On June 25, 1888, Charles Batchelor reported:
... the speaking capacity or time limit of the doll phonograph, as we are at present making the models, is about six or eight seconds, sufficient to be able to get on a small verse, such as "Jack and Jill" or "Mary had a Little Lamb." Of course it can be made to take much more, but at present that is what we are doing for the models.

In the passage above, Batchelor described a very early form of doll cylinder, which probably had a rather coarse groove pitch, severely limiting the playing time of the record.

Two surviving metal records, likely made in late 1888 and early 1889, play for 13 seconds and 15 seconds, respectively.

The commercial brown-wax talking-doll records of 1890 have a duration of 18 to 22 seconds.

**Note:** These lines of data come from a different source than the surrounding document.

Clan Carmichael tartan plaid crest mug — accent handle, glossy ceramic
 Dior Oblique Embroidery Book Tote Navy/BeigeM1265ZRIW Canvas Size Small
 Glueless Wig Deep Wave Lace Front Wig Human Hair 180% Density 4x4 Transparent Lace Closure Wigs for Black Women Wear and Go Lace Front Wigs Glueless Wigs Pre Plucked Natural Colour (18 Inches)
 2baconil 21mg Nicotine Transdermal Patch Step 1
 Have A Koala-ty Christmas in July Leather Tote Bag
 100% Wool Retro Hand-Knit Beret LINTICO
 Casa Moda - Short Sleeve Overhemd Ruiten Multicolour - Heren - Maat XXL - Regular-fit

Would the records have sounded better in 1890 than what we hear today?
No, not when played back using a talking-doll phonograph. The components of that small mechanism were not optimized for high-fidelity reproduction.

Even with a brand-new, unplayed record, the sound emitted by the talking doll was always distorted and unnatural. The difficulty of maintaining a steady rotational speed while hand cranking the toy phonograph only made the playback more erratic.

What did people say about the Edison Talking Doll's sound, back in 1890?
Miss J. T. Spalding (an investor in EPTMCo stock) wrote to A. O. Tate (Edison's Private Secretary) on March 6, 1890:
The dolls at the office now certainly are very beautiful specimens, only they do not yet speak distinctly enough I am afraid—not so that you would understand them, if you did not know what they were going to say! That will come with time, no doubt.

"[An Edison Talking Doll] which has been sent to this office is supposed to say 'Baa, baa, black sheep, etc.,' but it must be confessed that its voice is rather indistinct." New York Tribune, April 20, 1890.

New York World, September 7, 1890:
The Edison phonograph dolls have just been put on sale in London and Paris, but they seem to have proven a disappointment so far in New York. The supposed words or verses which are ground out in a flat, uninflected whine, do not appear to come from the "talking" doll's lips at all, and during her most impassioned recitations, such as "Mary Had a Little Lamb," the doll's eyes and lips remain [still ?] and motionless. Marshall Wilder, personifying the wax figures in the Eden Musee makes himself look much more like wax than these dolls do like flesh and blood.